:: DATASET EXTRACT ::

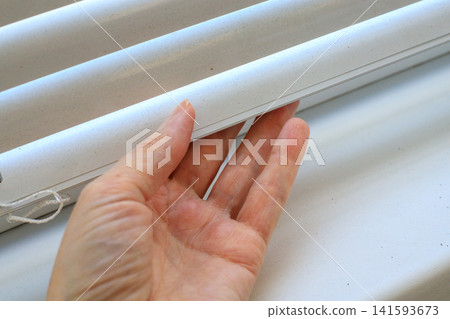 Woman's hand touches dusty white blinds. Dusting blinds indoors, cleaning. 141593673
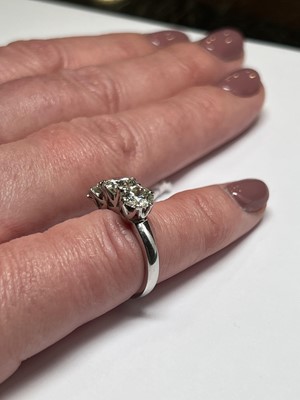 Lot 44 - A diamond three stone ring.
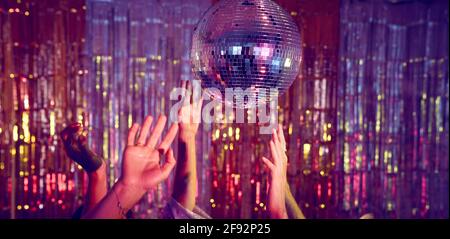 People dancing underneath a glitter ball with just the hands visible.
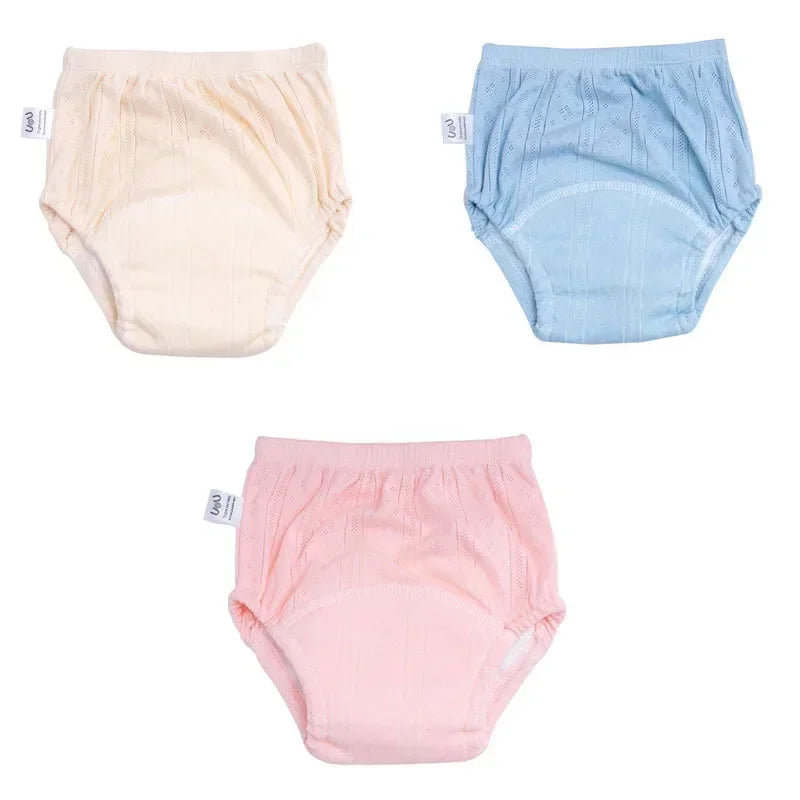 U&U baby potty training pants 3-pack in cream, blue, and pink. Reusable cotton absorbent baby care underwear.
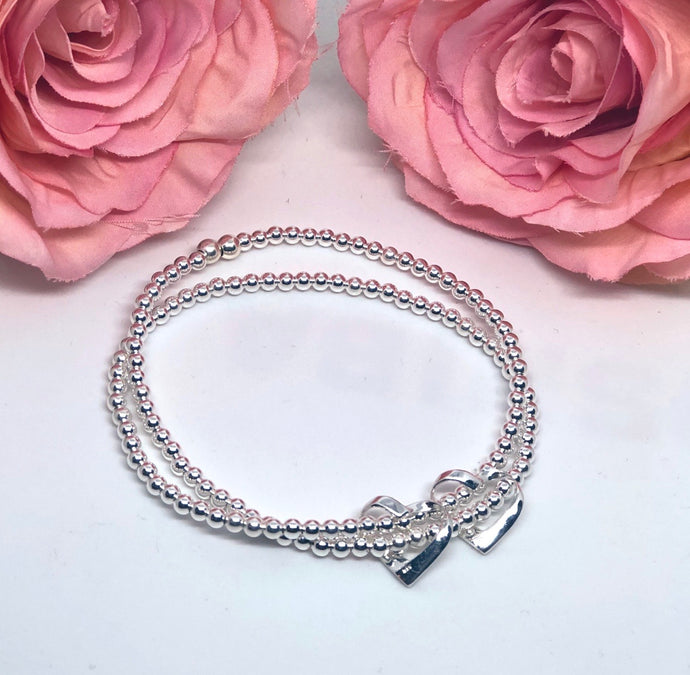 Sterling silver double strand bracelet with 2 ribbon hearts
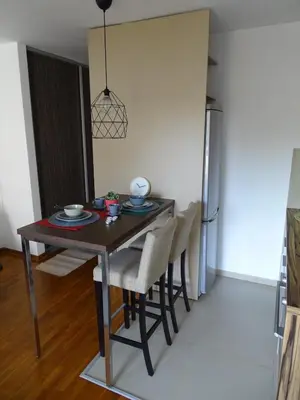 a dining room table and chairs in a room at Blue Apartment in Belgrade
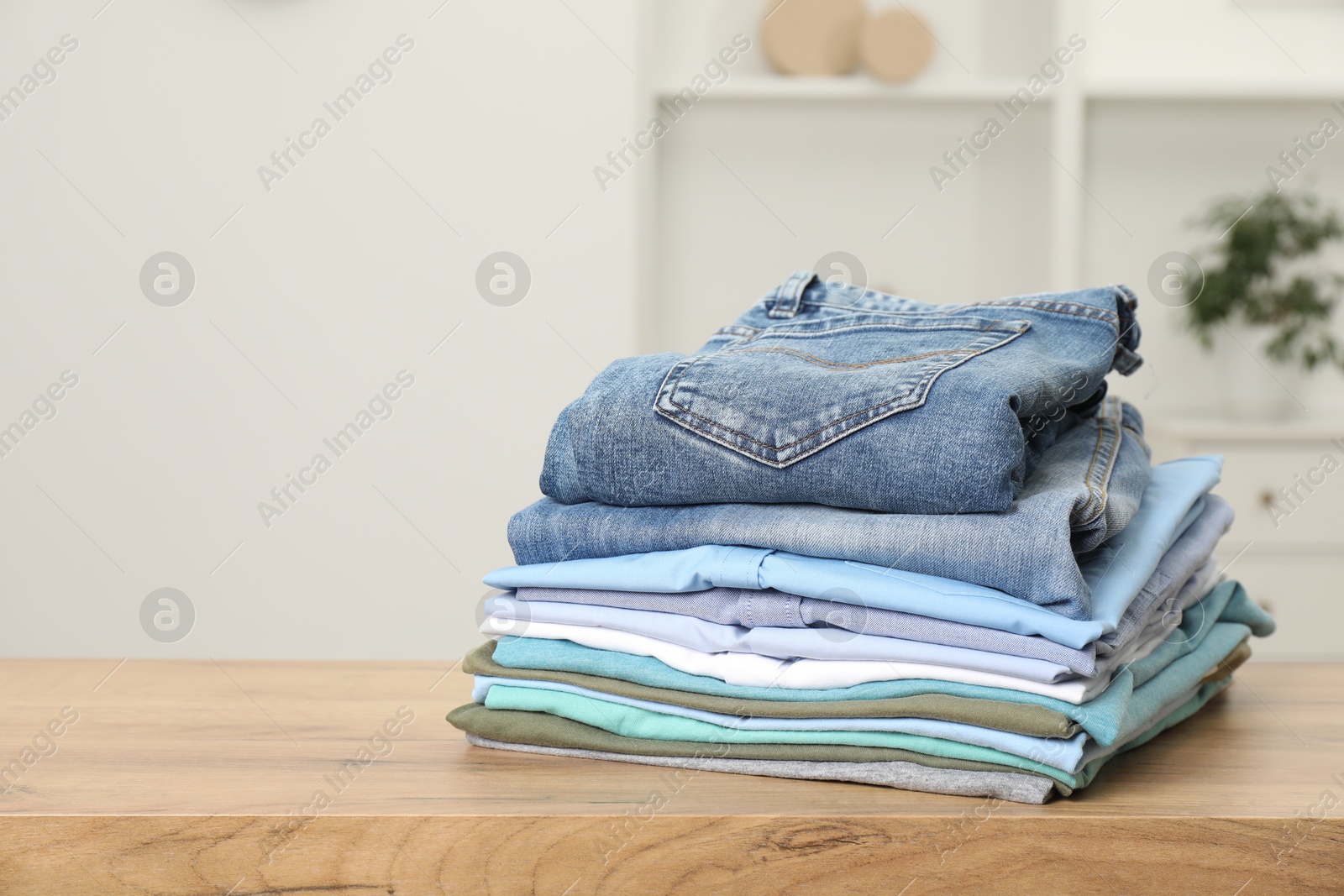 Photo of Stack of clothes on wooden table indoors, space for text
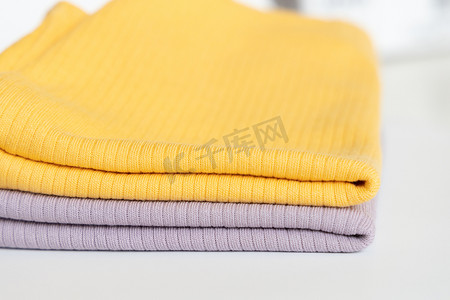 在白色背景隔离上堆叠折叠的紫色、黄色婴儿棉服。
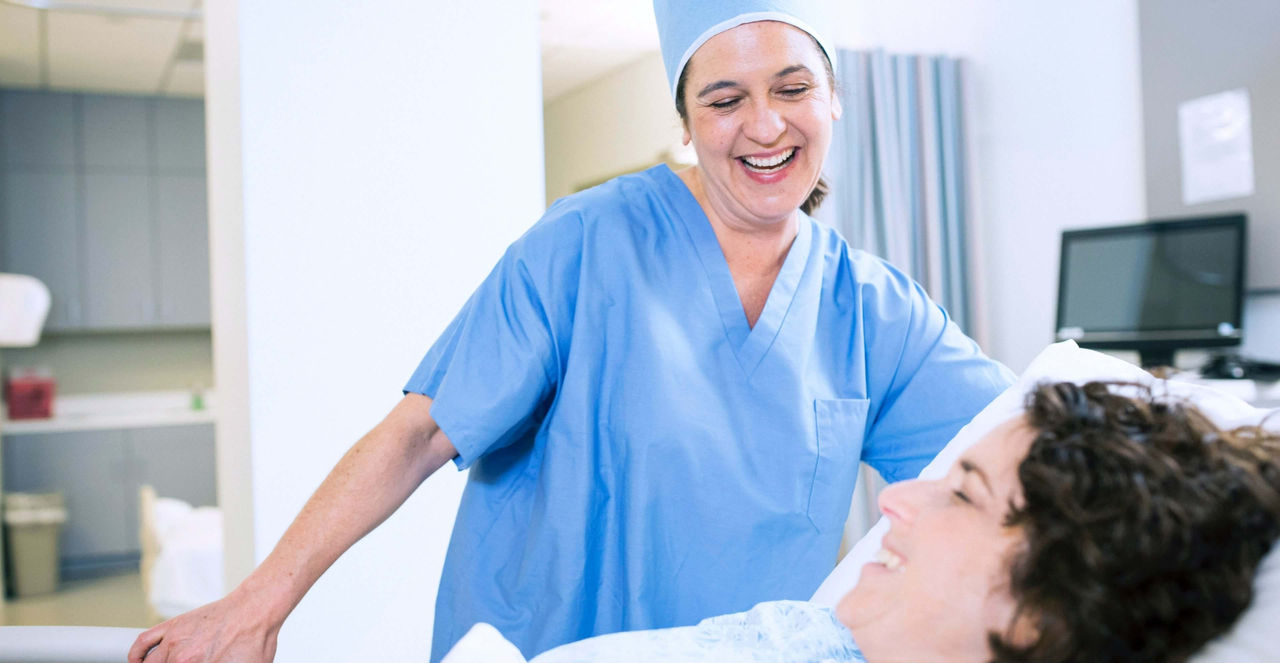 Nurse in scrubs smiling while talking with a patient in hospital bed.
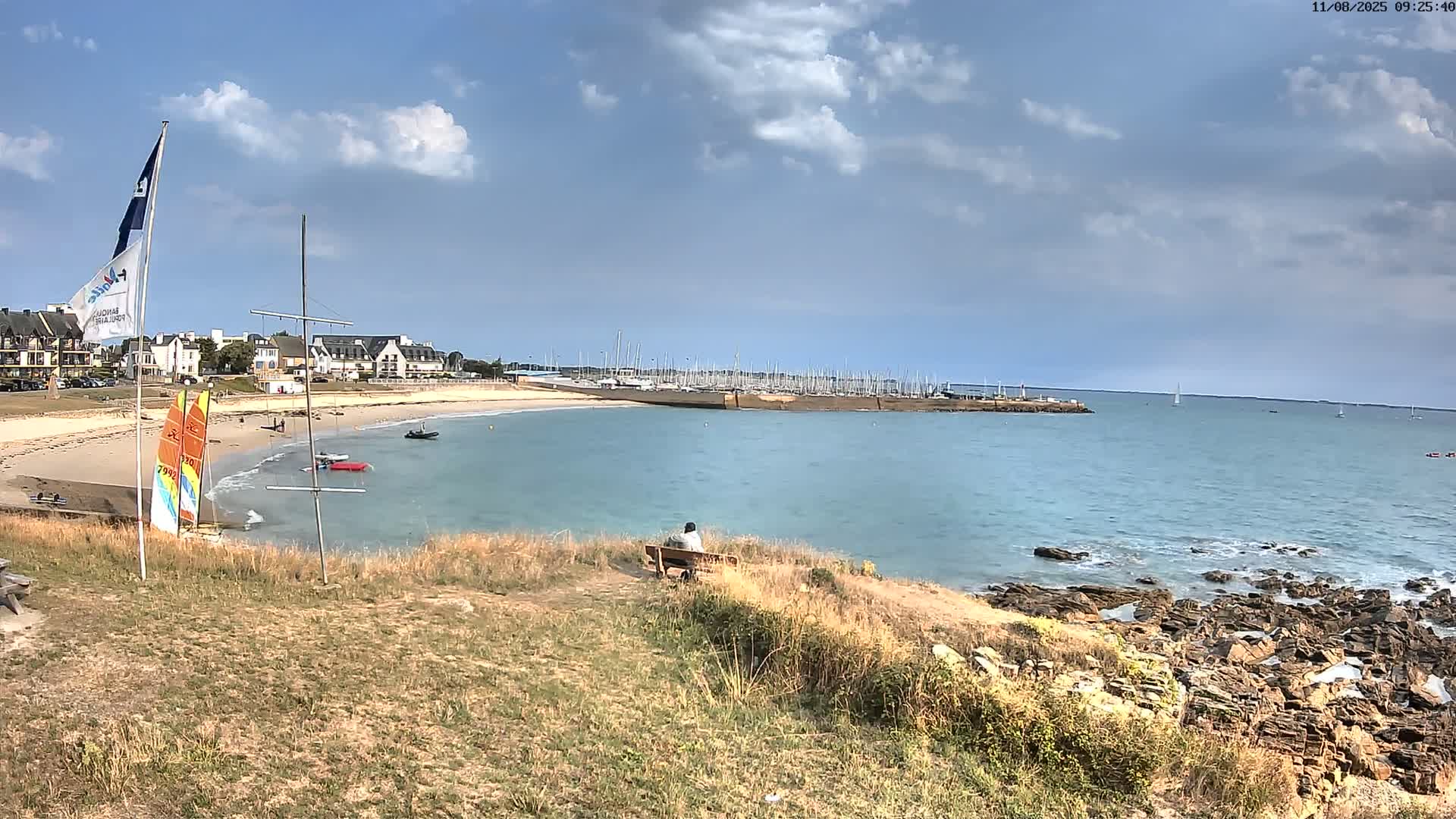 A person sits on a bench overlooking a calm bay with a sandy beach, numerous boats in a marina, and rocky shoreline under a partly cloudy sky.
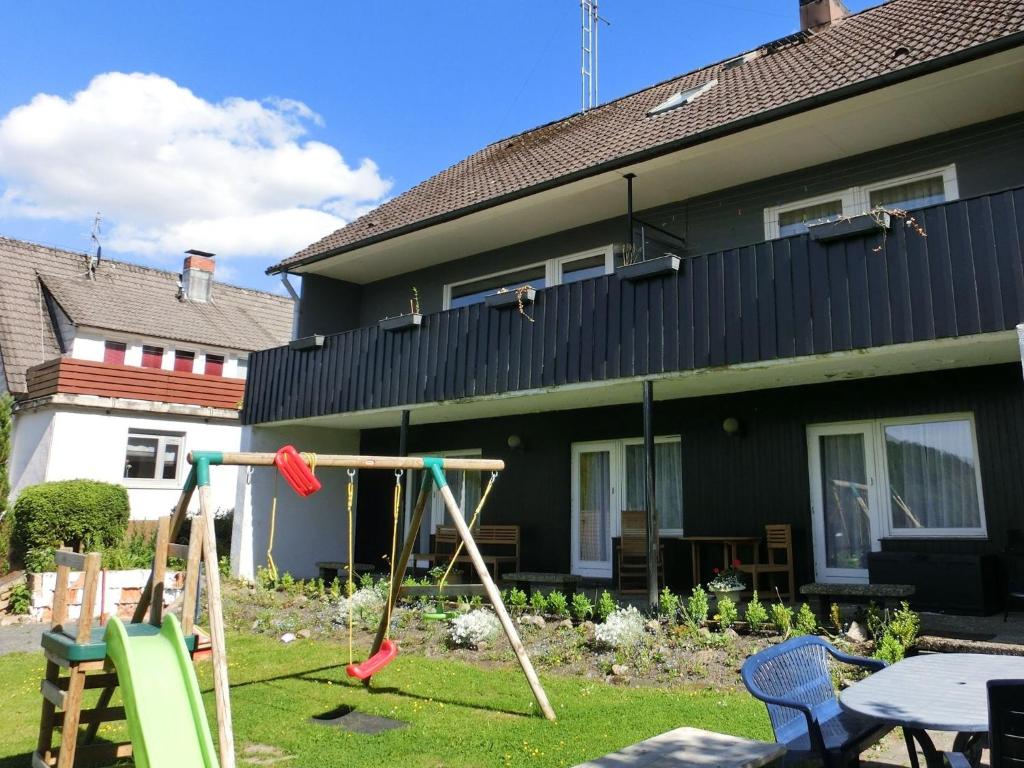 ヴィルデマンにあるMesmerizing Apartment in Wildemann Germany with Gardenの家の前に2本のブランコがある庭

:::

*TASK BRIEF*
Return each of the lines exactly as they appear above, with no images.

*FINISHED TASK*
 Woman's hand touches dusty white blinds. Dusting blinds indoors, cleaning. 141593673
 Lot 44 - A diamond three stone ring.
 People dancing underneath a glitter ball with just the hands visible.
 U&U baby potty training pants 3-pack in cream, blue, and pink. Reusable cotton absorbent baby care underwear.
 Sterling silver double strand bracelet with 2 ribbon hearts
 a dining room table and chairs in a room at Blue Apartment in Belgrade
 Photo of Stack of clothes on wooden table indoors, space for text
 在白色背景隔离上堆叠折叠的紫色、黄色婴儿棉服。
 Nurse in scrubs smiling while talking with a patient in hospital bed.
 A person sits on a bench overlooking a calm bay with a sandy beach, numerous boats in a marina, and rocky shoreline under a partly cloudy sky.
 ヴィルデマンにあるMesmerizing Apartment in Wildemann Germany with Gardenの家の前に2本のブランコがある庭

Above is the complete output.